* What is needed *
Would you copy out the whole listing exactly as given?

* Provided data *

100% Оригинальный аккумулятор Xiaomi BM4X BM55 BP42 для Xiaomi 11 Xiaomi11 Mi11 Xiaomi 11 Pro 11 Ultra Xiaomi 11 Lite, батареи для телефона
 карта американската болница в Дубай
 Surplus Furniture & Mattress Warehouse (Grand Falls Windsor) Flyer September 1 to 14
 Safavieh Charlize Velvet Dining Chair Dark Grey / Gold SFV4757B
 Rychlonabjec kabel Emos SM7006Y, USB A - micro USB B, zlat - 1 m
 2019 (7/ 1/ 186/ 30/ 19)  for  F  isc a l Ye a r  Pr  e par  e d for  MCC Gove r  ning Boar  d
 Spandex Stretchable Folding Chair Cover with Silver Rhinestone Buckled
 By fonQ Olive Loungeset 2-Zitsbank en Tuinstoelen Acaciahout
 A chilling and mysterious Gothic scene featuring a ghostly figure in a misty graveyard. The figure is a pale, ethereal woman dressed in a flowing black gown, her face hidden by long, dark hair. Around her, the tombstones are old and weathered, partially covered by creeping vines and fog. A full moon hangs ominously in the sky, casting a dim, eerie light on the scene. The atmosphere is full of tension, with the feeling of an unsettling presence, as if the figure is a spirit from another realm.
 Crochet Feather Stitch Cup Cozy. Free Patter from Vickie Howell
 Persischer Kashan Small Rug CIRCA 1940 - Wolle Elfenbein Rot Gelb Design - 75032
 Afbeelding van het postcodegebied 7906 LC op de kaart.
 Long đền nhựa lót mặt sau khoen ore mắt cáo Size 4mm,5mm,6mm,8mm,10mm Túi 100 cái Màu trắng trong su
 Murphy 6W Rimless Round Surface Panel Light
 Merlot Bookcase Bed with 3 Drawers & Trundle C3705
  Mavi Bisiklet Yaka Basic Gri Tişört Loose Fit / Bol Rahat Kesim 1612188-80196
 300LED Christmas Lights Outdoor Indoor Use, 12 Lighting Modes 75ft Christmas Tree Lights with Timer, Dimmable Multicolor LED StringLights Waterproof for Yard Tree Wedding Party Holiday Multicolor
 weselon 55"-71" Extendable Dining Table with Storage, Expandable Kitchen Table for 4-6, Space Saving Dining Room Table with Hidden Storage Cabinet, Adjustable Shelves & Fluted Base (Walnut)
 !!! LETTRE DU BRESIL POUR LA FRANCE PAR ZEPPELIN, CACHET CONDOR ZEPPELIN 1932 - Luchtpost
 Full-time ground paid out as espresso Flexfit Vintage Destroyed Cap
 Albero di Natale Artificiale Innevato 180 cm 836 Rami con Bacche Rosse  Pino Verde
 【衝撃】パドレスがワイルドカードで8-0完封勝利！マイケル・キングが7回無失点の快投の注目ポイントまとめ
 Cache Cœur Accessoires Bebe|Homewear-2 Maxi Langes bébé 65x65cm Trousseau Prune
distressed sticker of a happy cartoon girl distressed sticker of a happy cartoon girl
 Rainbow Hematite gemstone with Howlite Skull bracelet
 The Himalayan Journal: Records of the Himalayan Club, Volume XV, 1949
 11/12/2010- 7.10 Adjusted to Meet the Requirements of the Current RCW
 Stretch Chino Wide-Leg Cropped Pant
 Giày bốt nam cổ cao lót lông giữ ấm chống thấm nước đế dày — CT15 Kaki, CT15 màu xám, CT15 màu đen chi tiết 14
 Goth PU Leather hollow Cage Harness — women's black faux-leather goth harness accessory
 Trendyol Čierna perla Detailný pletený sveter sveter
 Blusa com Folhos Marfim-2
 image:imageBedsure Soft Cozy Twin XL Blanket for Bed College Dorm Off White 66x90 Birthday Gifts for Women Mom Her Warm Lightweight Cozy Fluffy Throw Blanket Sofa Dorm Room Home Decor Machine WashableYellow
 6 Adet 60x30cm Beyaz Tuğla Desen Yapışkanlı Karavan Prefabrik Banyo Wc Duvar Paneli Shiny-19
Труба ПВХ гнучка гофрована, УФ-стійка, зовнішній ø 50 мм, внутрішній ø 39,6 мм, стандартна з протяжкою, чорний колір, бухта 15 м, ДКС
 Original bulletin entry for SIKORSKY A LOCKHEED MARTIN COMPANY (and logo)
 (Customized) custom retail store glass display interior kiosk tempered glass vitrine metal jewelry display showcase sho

* Task response *
100% Оригинальный аккумулятор Xiaomi BM4X BM55 BP42 для Xiaomi 11 Xiaomi11 Mi11 Xiaomi 11 Pro 11 Ultra Xiaomi 11 Lite, батареи для телефона
 карта американската болница в Дубай
 Surplus Furniture & Mattress Warehouse (Grand Falls Windsor) Flyer September 1 to 14
 Safavieh Charlize Velvet Dining Chair Dark Grey / Gold SFV4757B
 Rychlonabjec kabel Emos SM7006Y, USB A - micro USB B, zlat - 1 m
 2019 (7/ 1/ 186/ 30/ 19)  for  F  isc a l Ye a r  Pr  e par  e d for  MCC Gove r  ning Boar  d
 Spandex Stretchable Folding Chair Cover with Silver Rhinestone Buckled
 By fonQ Olive Loungeset 2-Zitsbank en Tuinstoelen Acaciahout
 A chilling and mysterious Gothic scene featuring a ghostly figure in a misty graveyard. The figure is a pale, ethereal woman dressed in a flowing black gown, her face hidden by long, dark hair. Around her, the tombstones are old and weathered, partially covered by creeping vines and fog. A full moon hangs ominously in the sky, casting a dim, eerie light on the scene. The atmosphere is full of tension, with the feeling of an unsettling presence, as if the figure is a spirit from another realm.
 Crochet Feather Stitch Cup Cozy. Free Patter from Vickie Howell
 Persischer Kashan Small Rug CIRCA 1940 - Wolle Elfenbein Rot Gelb Design - 75032
 Afbeelding van het postcodegebied 7906 LC op de kaart.
 Long đền nhựa lót mặt sau khoen ore mắt cáo Size 4mm,5mm,6mm,8mm,10mm Túi 100 cái Màu trắng trong su
 Murphy 6W Rimless Round Surface Panel Light
 Merlot Bookcase Bed with 3 Drawers & Trundle C3705
  Mavi Bisiklet Yaka Basic Gri Tişört Loose Fit / Bol Rahat Kesim 1612188-80196
 300LED Christmas Lights Outdoor Indoor Use, 12 Lighting Modes 75ft Christmas Tree Lights with Timer, Dimmable Multicolor LED StringLights Waterproof for Yard Tree Wedding Party Holiday Multicolor
 weselon 55"-71" Extendable Dining Table with Storage, Expandable Kitchen Table for 4-6, Space Saving Dining Room Table with Hidden Storage Cabinet, Adjustable Shelves & Fluted Base (Walnut)
 !!! LETTRE DU BRESIL POUR LA FRANCE PAR ZEPPELIN, CACHET CONDOR ZEPPELIN 1932 - Luchtpost
 Full-time ground paid out as espresso Flexfit Vintage Destroyed Cap
 Albero di Natale Artificiale Innevato 180 cm 836 Rami con Bacche Rosse  Pino Verde
 【衝撃】パドレスがワイルドカードで8-0完封勝利！マイケル・キングが7回無失点の快投の注目ポイントまとめ
 Cache Cœur Accessoires Bebe|Homewear-2 Maxi Langes bébé 65x65cm Trousseau Prune
distressed sticker of a happy cartoon girl distressed sticker of a happy cartoon girl
 Rainbow Hematite gemstone with Howlite Skull bracelet
 The Himalayan Journal: Records of the Himalayan Club, Volume XV, 1949
 11/12/2010- 7.10 Adjusted to Meet the Requirements of the Current RCW
 Stretch Chino Wide-Leg Cropped Pant
 Giày bốt nam cổ cao lót lông giữ ấm chống thấm nước đế dày — CT15 Kaki, CT15 màu xám, CT15 màu đen chi tiết 14
 Goth PU Leather hollow Cage Harness — women's black faux-leather goth harness accessory
 Trendyol Čierna perla Detailný pletený sveter sveter
 Blusa com Folhos Marfim-2
 image:imageBedsure Soft Cozy Twin XL Blanket for Bed College Dorm Off White 66x90 Birthday Gifts for Women Mom Her Warm Lightweight Cozy Fluffy Throw Blanket Sofa Dorm Room Home Decor Machine WashableYellow
 6 Adet 60x30cm Beyaz Tuğla Desen Yapışkanlı Karavan Prefabrik Banyo Wc Duvar Paneli Shiny-19
Труба ПВХ гнучка гофрована, УФ-стійка, зовнішній ø 50 мм, внутрішній ø 39,6 мм, стандартна з протяжкою, чорний колір, бухта 15 м, ДКС
 Original bulletin entry for SIKORSKY A LOCKHEED MARTIN COMPANY (and logo)
 (Customized) custom retail store glass display interior kiosk tempered glass vitrine metal jewelry display showcase sho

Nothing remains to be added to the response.